States can declare religious or linguistic communities as a minority: Centre to SC
The Centre said that the Karnataka government has notified Urdu, Telugu, Tamil, Malayalam, Marathi, Tulu, Lamani, Hindi, Konkani, and Gujarati languages as minority languages within the state.
NEW DELHI: The Centre has in a counter-affidavit filed before the Supreme Court has submitted that states can also declare a religious or linguistic community as a ‘minority community’ within the said state and the allegations that Hindus, Jews, Baha’i followers cannot establish educational institutions of their choice is not correct. Centre has filed the response to a plea seeking directions to lay down guidelines for the identification of minorities at the state level, in order to ensure that only those religious & linguistic groups, which are socially economically, politically non-dominant and numerically inferior, can establish and administer educational institutions of their choice.
"It is submitted that matters such as declaring the followers of Judaism, Bahaism and Hinduism, who are minorities in Ladakh, Mizoram, Lakshadweep, Kashmir, Nagaland, Meghalaya, Manipur, Arunachal Pradesh and Manipur can establish and administer educational institutions of their choice in the said States and laying down guidelines for identification of minority at state level may be considered by the concerned State Governments", the affidavit filed by the Union Ministry of Minority Affairs said.
It also said that the Karnataka government has notified Urdu, Telugu, Tamil, Malayalam, Marathi, Tulu, Lamani, Hindi, Konkani, and Gujarati languages as minority languages within the state.
It was submitted that the Central government on October 29, 2004, resolved to constitute a National Commission for Religious and Linguistic Minorities and the terms of reference of the Commission were to suggest criteria for identification of socially and economically backward sections among religious and linguistic minorities to recommend measures for socially and economically backward sections along with religious and linguistic minorities including reservation in education and government employment and to suggest constitutional, legal, and administrative modalities required for the implementation of its recommendation. The affidavit said that the Parliament has enacted the National Commission for Minorities Act, 1992, under Article 246 of the Constitution read with Entry 20 in the Concurrent List in 7th Schedule.
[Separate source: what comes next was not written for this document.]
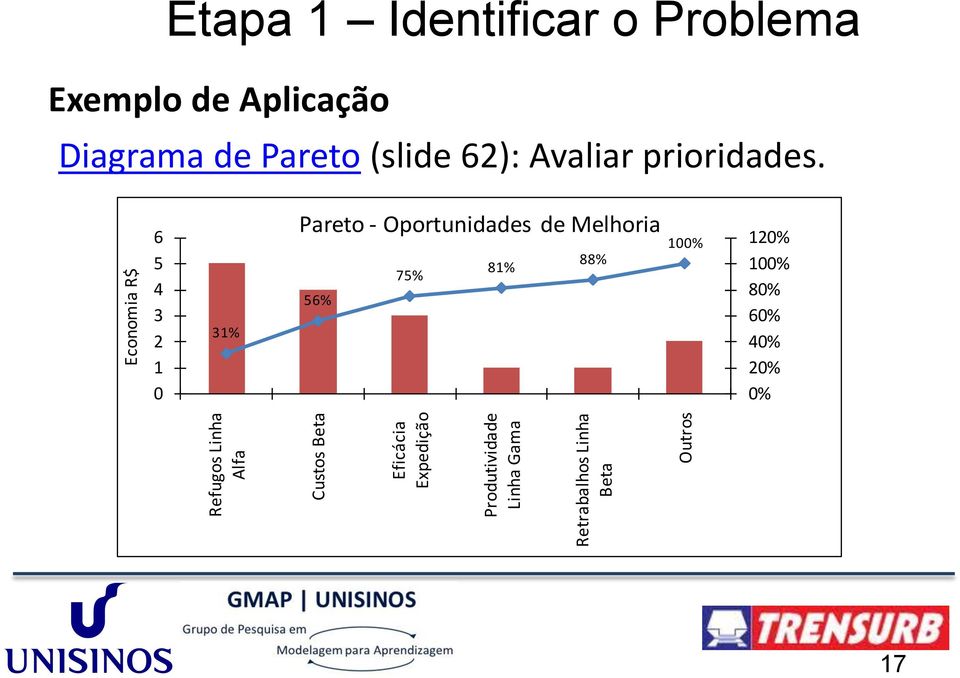 Aplicação Diagrama de Pareto (slide 62): Avaliar prioridades.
"The Ministry of Minority Affairs was set up so as to improve socio-economic conditions of the minorities through affirmative action and inclusive development so that every citizen has equal opportunity to participate actively in building a vibrant nation," it added.
At the same time, the Central government has maintained that states alone can't be given the power to frame laws on the subject of minorities as this would go against the constitutional scheme and would go against several decisions of the apex court.
"Parliament under Article 246 of the Constitution, read with Entry 20 in Concurrent List in Schedule Seven, has enacted the National Commission for Minorities Act, 1992. If the view that the States alone has the power to enact law on the subject of a minority is accepted, then in such a case, Parliament will be denuded of its power to enact law on the said subject and this would be contrary to the constitutional scheme,” Centre has stated.
The petition had sought directions and declaration that Section 2(f) of the National Commission for Minority Education Institution Act 2004, is arbitrary, irrational and offends Articles 14, 15, 21, 29 and 30 of the Constitution hence void.
The petition had also sought directions for a declaration that followers of Judaism, Bahaism & Hinduism, who are minorities in Laddakh, Mizoram, Lakshadweep, Kashmir, Nagaland, Meghalaya, Arunachal Pradesh, Punjab and Manipur, can establish & administer educational institutions of their choice in the spirit of the TMA Pai Ruling.